DATA IN THIS EXERCISE Start Marker
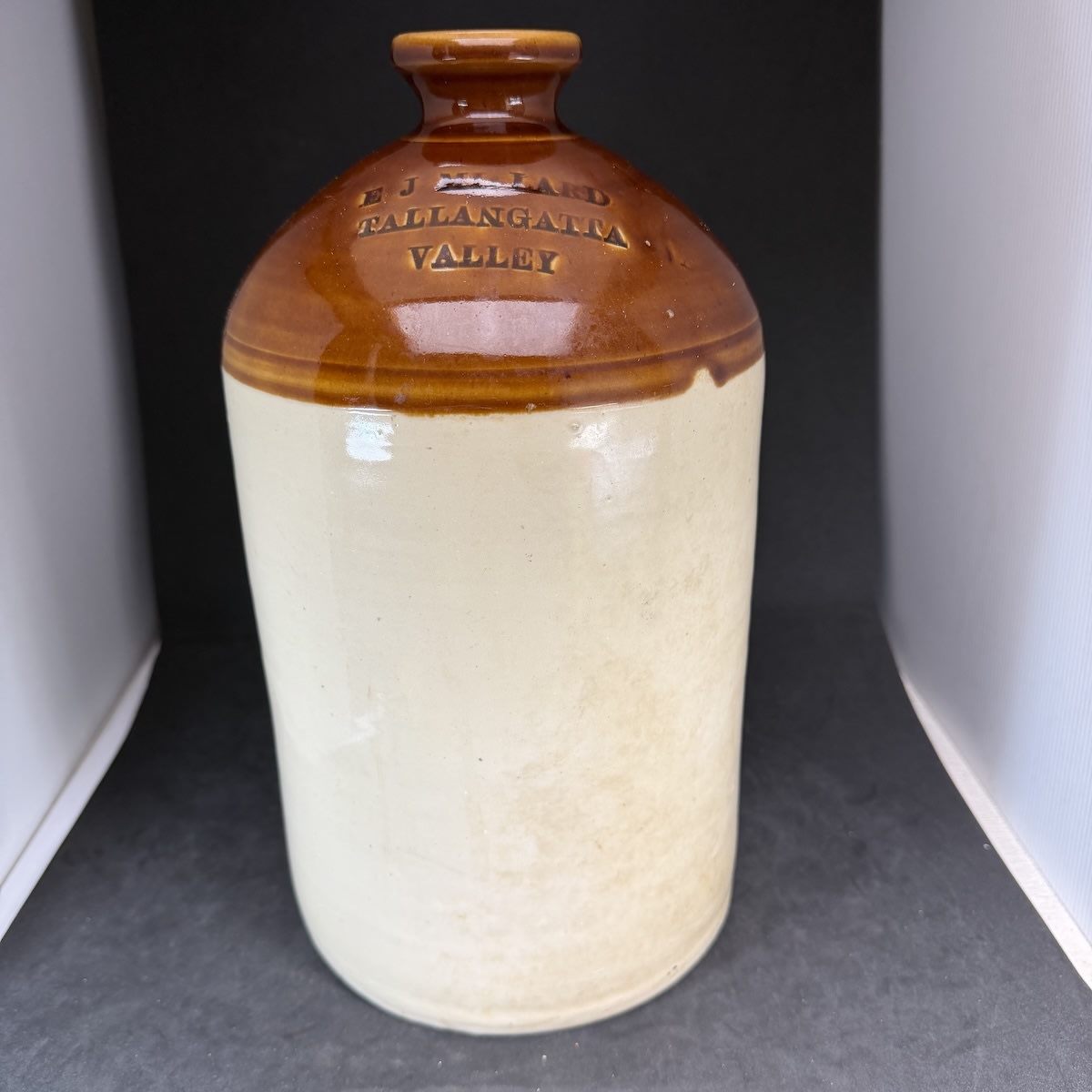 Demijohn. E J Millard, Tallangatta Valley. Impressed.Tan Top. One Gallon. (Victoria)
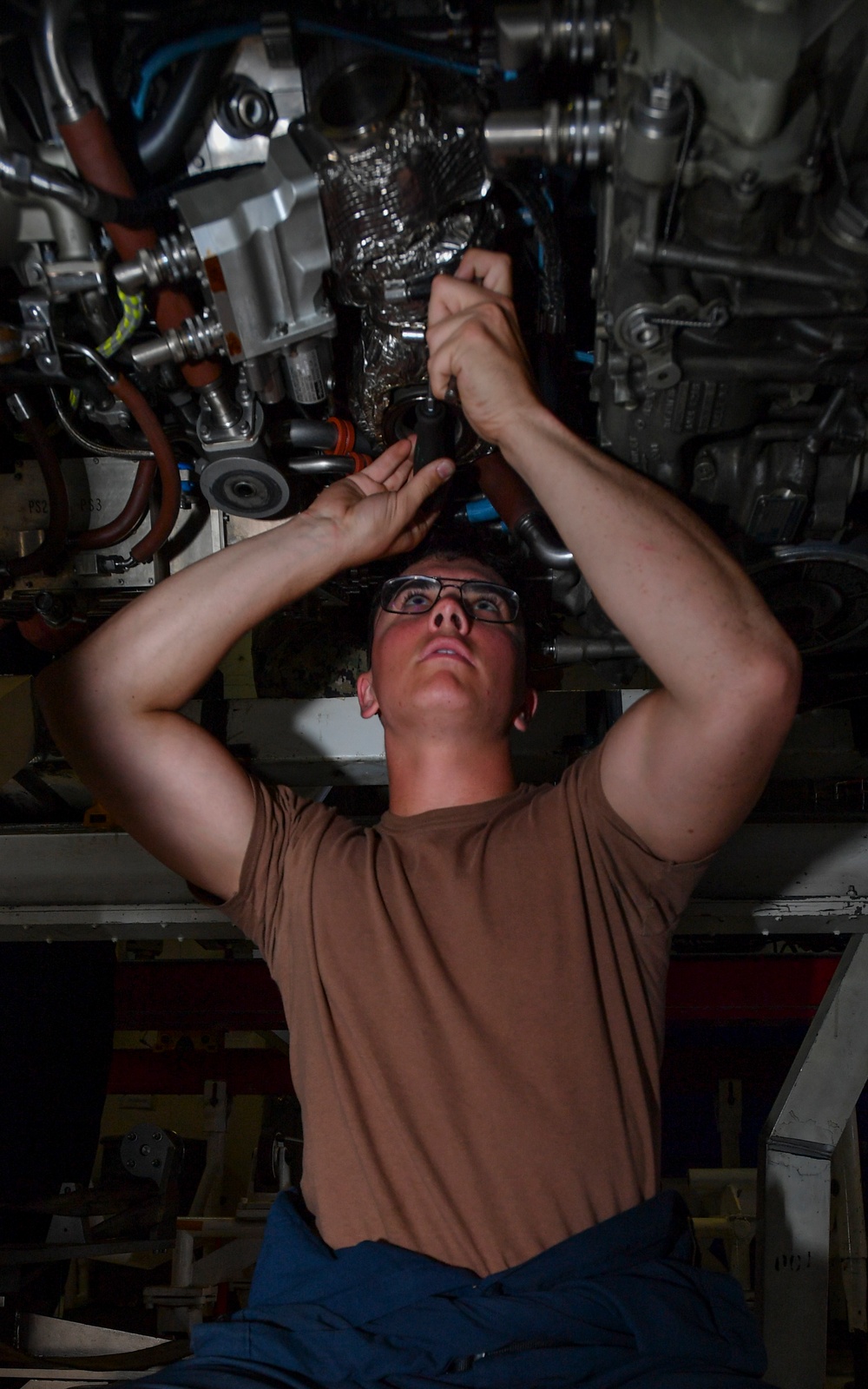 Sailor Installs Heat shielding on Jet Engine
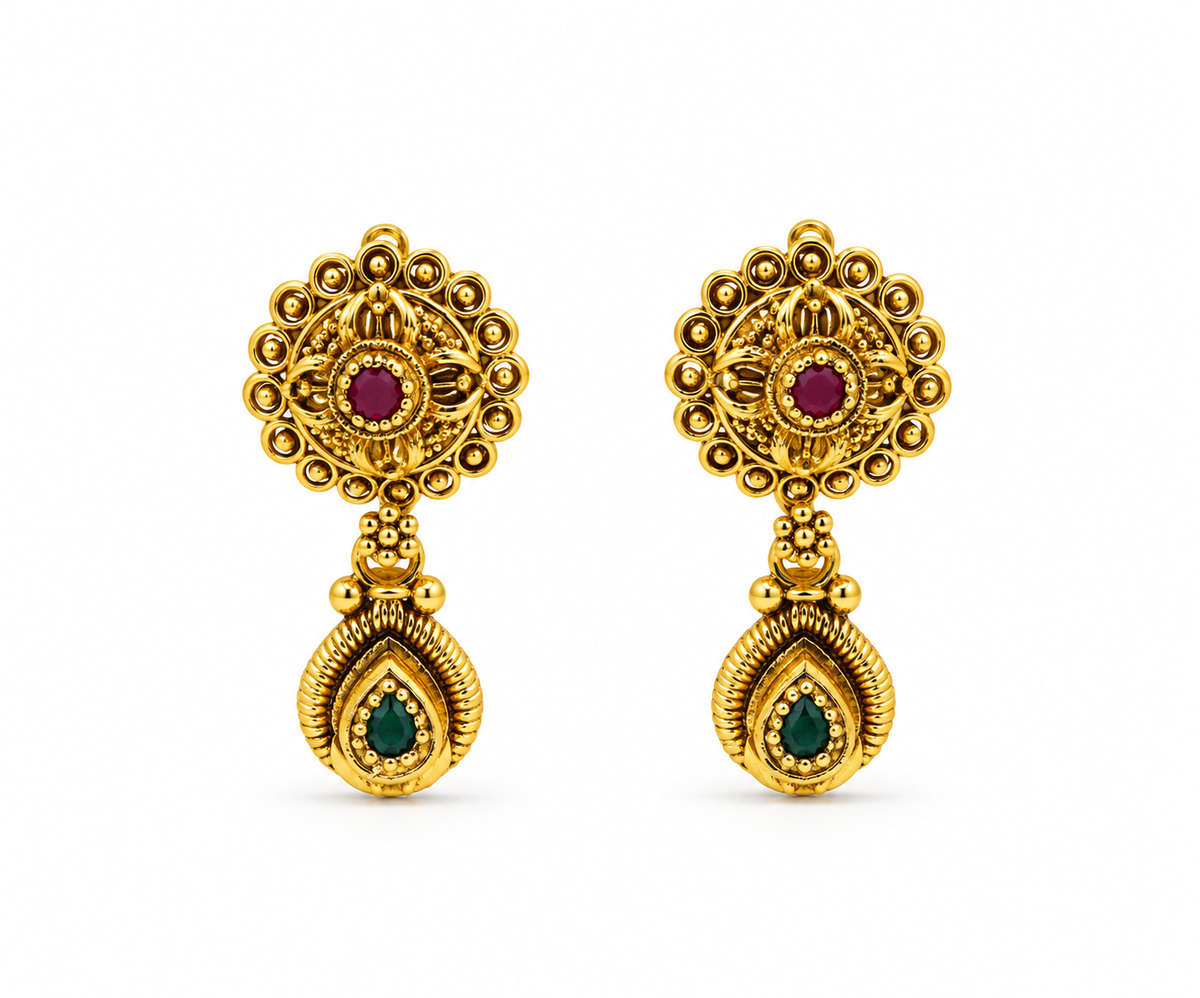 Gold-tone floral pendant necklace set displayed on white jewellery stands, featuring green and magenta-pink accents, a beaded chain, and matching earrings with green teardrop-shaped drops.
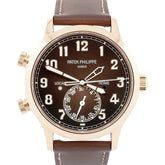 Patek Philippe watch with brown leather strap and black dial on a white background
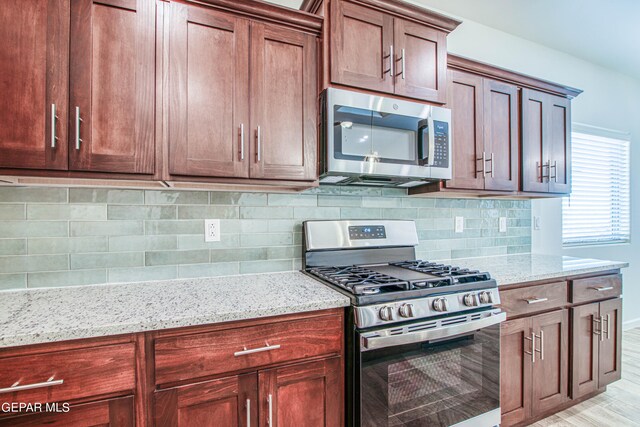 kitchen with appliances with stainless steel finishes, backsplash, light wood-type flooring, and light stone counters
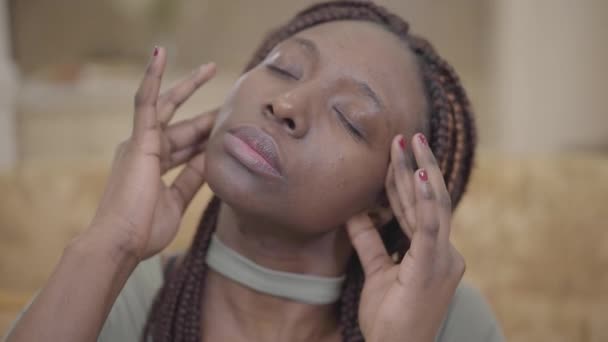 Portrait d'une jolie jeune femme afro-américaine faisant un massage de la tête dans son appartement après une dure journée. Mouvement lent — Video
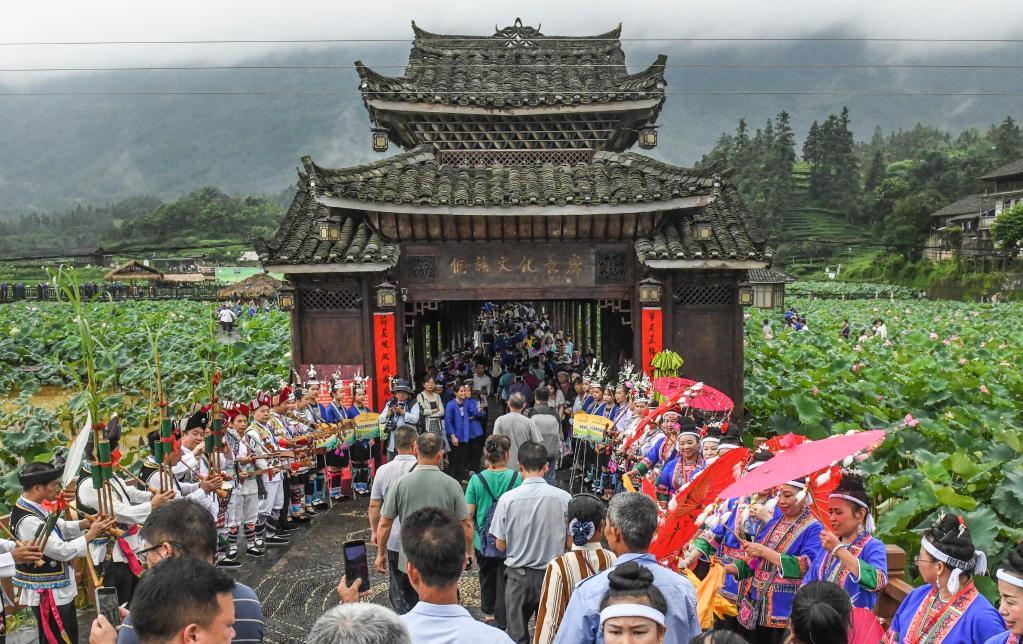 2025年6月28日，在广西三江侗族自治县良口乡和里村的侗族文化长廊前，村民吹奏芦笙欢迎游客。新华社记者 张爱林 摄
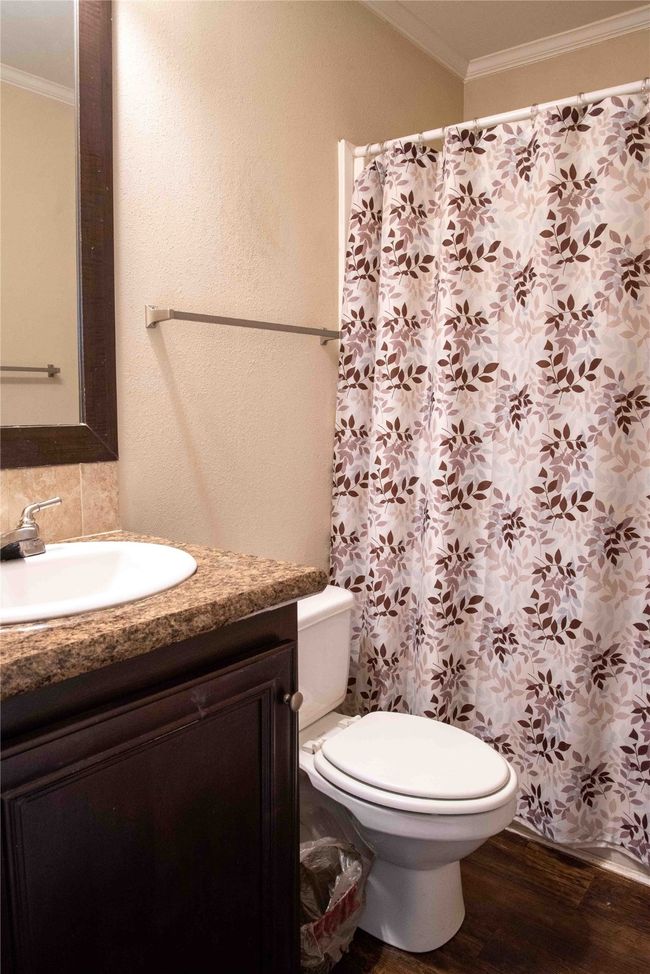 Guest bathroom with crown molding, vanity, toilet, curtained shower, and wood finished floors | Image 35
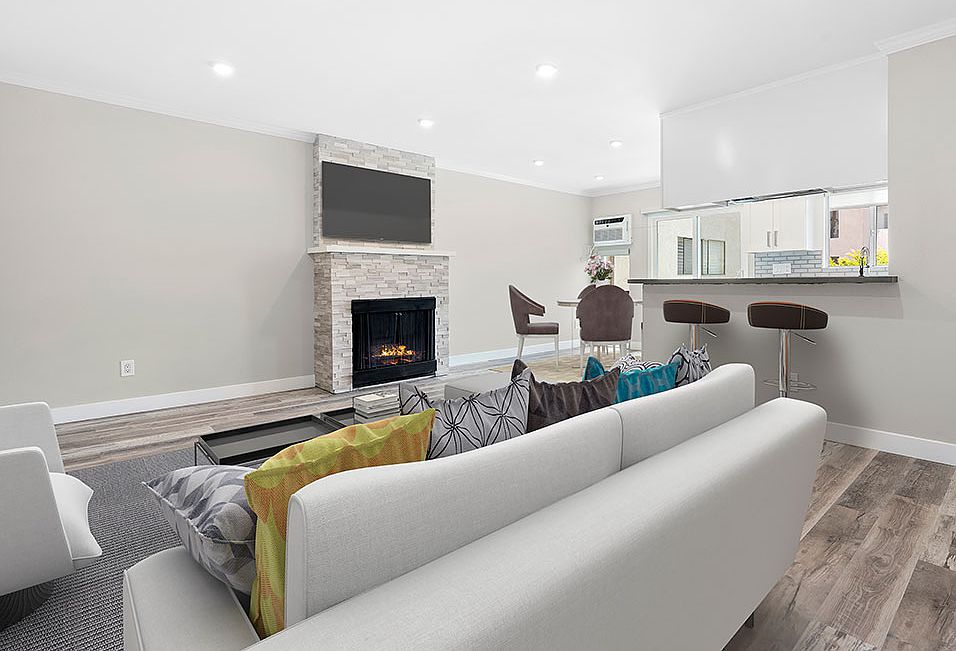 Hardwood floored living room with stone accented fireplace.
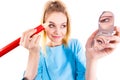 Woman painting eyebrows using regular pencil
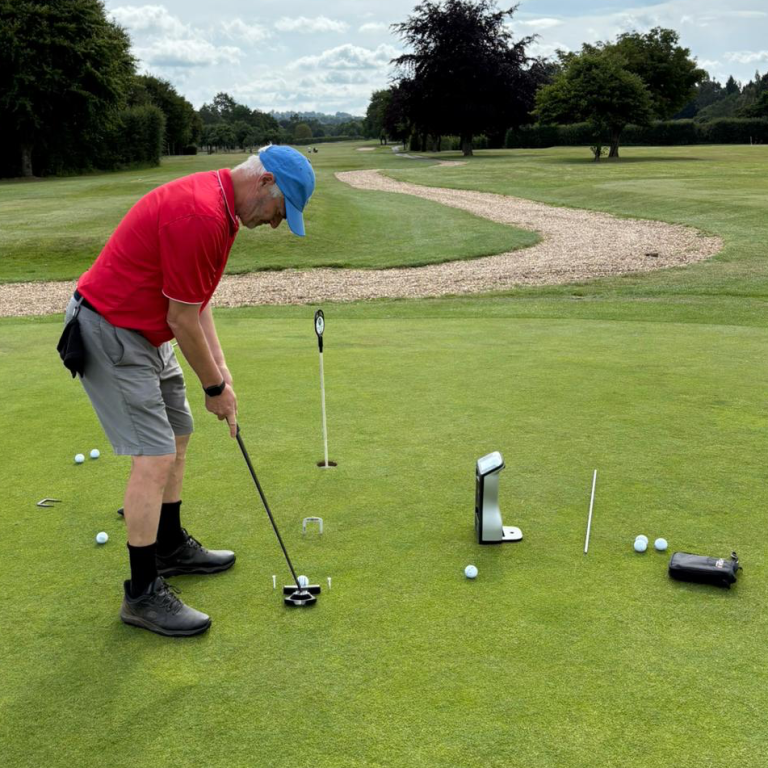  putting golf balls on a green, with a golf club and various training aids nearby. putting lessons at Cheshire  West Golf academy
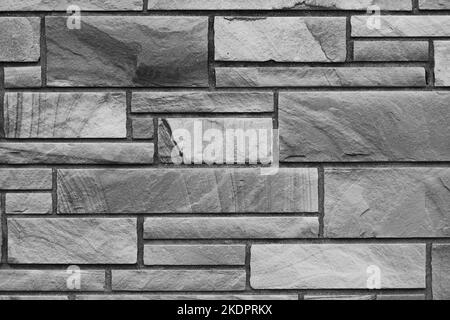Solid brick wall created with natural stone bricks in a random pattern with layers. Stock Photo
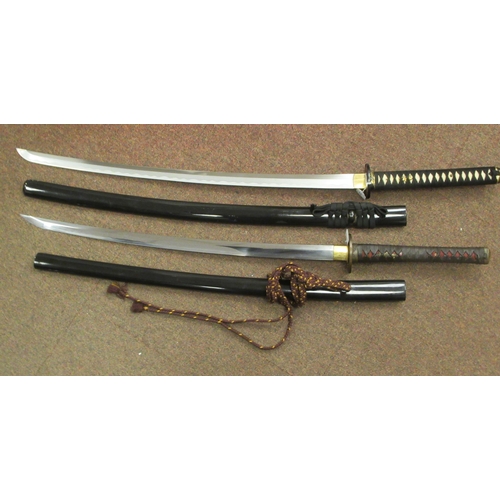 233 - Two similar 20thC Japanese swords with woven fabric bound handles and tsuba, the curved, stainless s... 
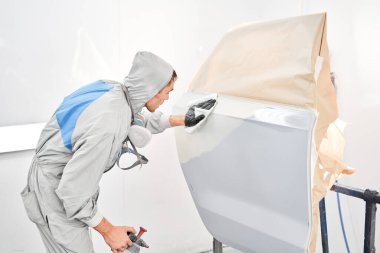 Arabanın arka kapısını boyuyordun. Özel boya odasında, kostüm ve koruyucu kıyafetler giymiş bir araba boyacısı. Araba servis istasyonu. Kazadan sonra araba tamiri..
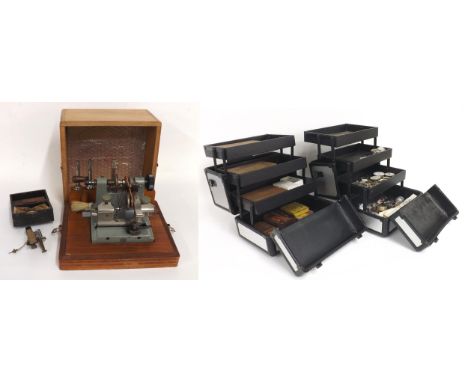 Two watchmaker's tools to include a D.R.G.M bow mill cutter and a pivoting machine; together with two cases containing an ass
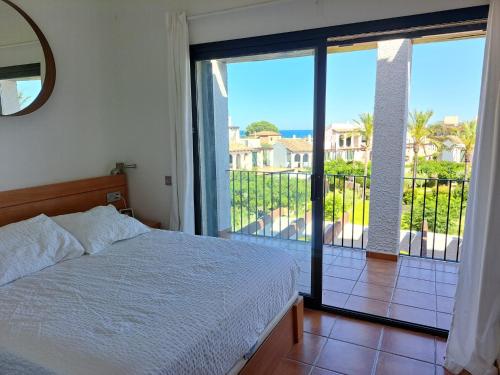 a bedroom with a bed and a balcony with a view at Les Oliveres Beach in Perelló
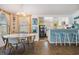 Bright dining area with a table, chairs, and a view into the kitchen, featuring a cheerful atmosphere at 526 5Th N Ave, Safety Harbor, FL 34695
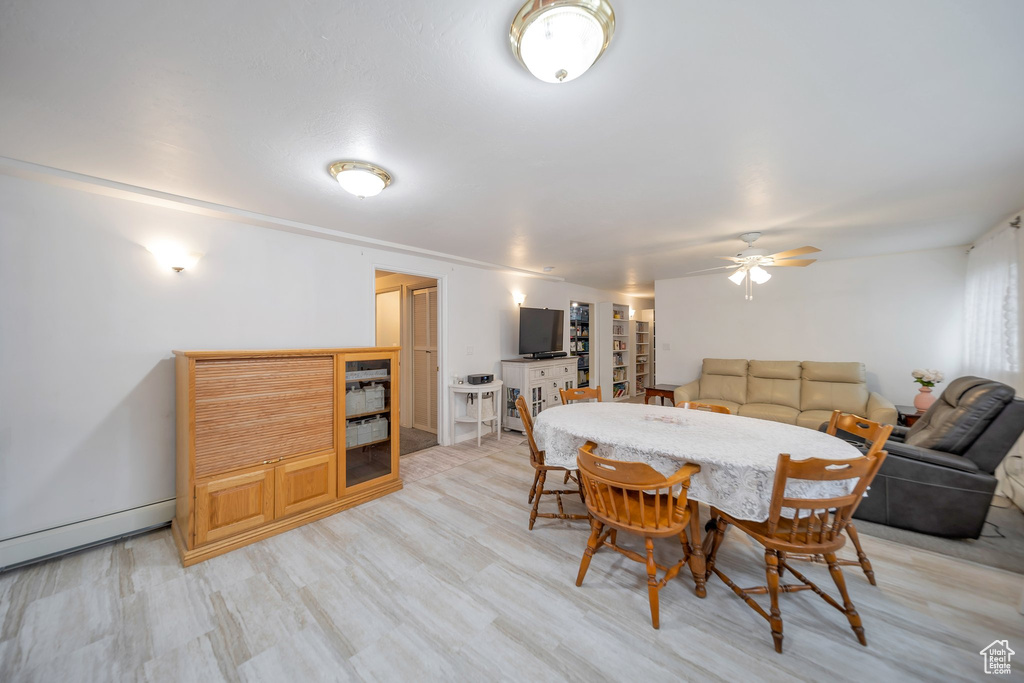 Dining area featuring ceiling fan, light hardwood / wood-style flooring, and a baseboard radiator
DATA IN THIS EXERCISE End Marker
Above are records with pictures. Reproduce exactly only the lines from the line with "putting golf balls" through the line with "233 - Two similar", both ends included, and leave the pictures out.

  putting golf balls on a green, with a golf club and various training aids nearby. putting lessons at Cheshire  West Golf academy
Solid brick wall created with natural stone bricks in a random pattern with layers. Stock Photo
 233 - Two similar 20thC Japanese swords with woven fabric bound handles and tsuba, the curved, stainless s... 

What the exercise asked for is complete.